Sudan's Unbowed, Unbroken Inner Circle
Tuesday, May 3, 2005
KHARTOUM, Sudan -- The men who control Africa's largest country -- the key architects of the conflict in Darfur -- hail from two tiny, interwoven Arab tribes. Many of them grew up together and graduated from Khartoum University. They often sit together in cafés beside the Nile, bickering about politics and religion over endless cups of sweet tea.
They attend the weddings of one another's sons and daughters, who frequently marry within the two tribes. They are neighbors and rivals, nephews and cousins. Politics in Sudan is often a family affair, and as in any family, there are occasional feuds.
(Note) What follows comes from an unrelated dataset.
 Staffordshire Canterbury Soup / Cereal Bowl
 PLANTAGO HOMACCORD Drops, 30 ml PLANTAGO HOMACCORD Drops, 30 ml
For instance, Hassan Turabi, a college professor and radical Islamic cleric, led a military coup in 1989 against his brother-in-law Sadiq Madhi, the country's popularly elected leader. The main backers of the coup were Turabi's protégés, Omar Hassan Bashir and Ali Uthman Muhammad Taha, now Sudan's president and vice president. Yet not long before that, Madhi had presided over the wedding ceremony of Taha and his bride, Turabi's cousin.
"In Sudan we say, 'You meet your enemies at weddings,' " said Turabi's son Issam, 39, whose father has been jailed or under house arrest for nearly five years after a bitter falling-out with Bashir and Taha. "All of politics in Khartoum is a bunch of warring families trying to stay in power over one another."
This is Sudan's ruling elite: shadowy and insular, cliquish and fractious. It's an unusual arrangement for a continent more accustomed to the rule of patriarchal Big Men, such as Zimbabwe's Robert Mugabe and Zaire's Mobutu Sese Seko, with a single personality dominating the national psyche.
Despite their tendency to feud, the ministers and security officials in Sudan's inner circle form a tight web of power that combines tribal, religious and military elements. Its formal name is the National Islamic Front, but it is known in Khartoum as the "security cabal."
The cohesion of this club has enabled the government to weather the chill of world condemnation for years -- first in the 1990s for harboring terrorists such as Osama bin Laden and waging a protracted war against African rebels in the south, and now for carrying out a second armed campaign in the western region of Darfur.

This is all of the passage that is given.